▶ **Task details**:
With pictures left out, output exactly the lines from the line holding "Black Interior 2019" through the end of the data, both included.

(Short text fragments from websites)
-- Opening Marker --
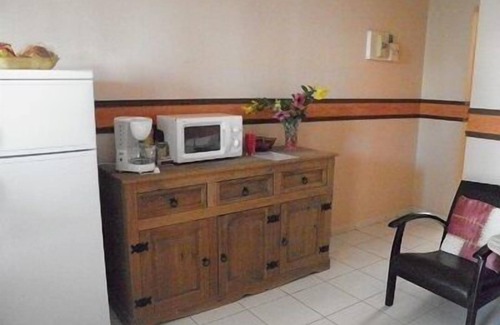 Le Moule Apartamento | Residencia Les 2 Moulins con piscinas privadas / jacuzzis y a 3 minutos de la playa.
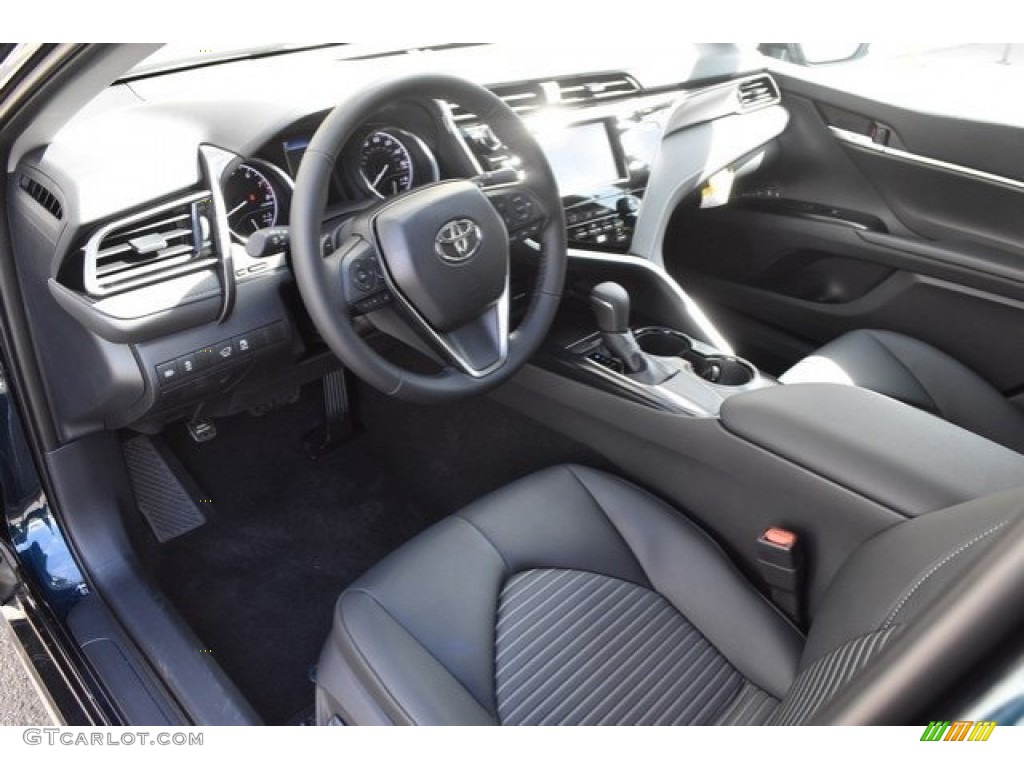 Black Interior 2019 Toyota Camry LE Photo #129652588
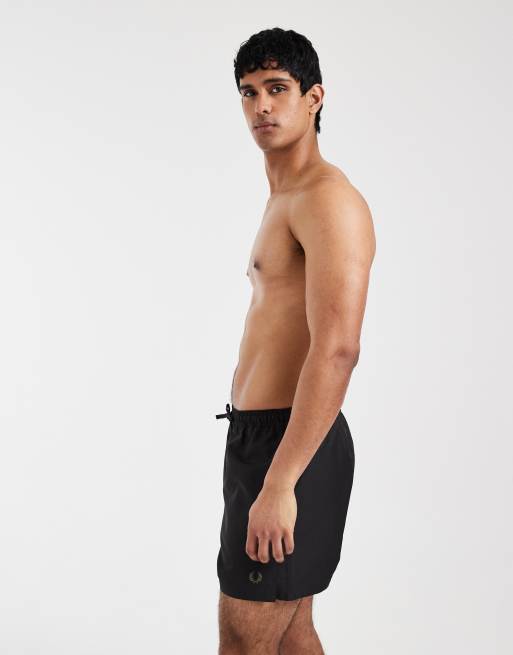 Shorts de baño negros con cordón ajustable y logo de Fred Perry, 3 de 5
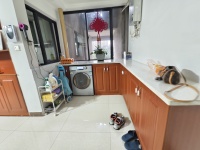 3室2廳1陽臺 春城慧谷A區(qū)門廳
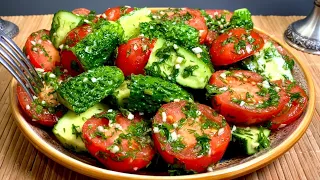 Na ja, ein sehr leckerer Salat! Schneiden Sie einfach Gurken und Tomaten! Gesund und schnell 🥒🍅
-- Closing Marker --
▶ **Expected answer**:
 Black Interior 2019 Toyota Camry LE Photo #129652588
 Shorts de baño negros con cordón ajustable y logo de Fred Perry, 3 de 5
 3室2廳1陽臺 春城慧谷A區(qū)門廳
 Na ja, ein sehr leckerer Salat! Schneiden Sie einfach Gurken und Tomaten! Gesund und schnell 🥒🍅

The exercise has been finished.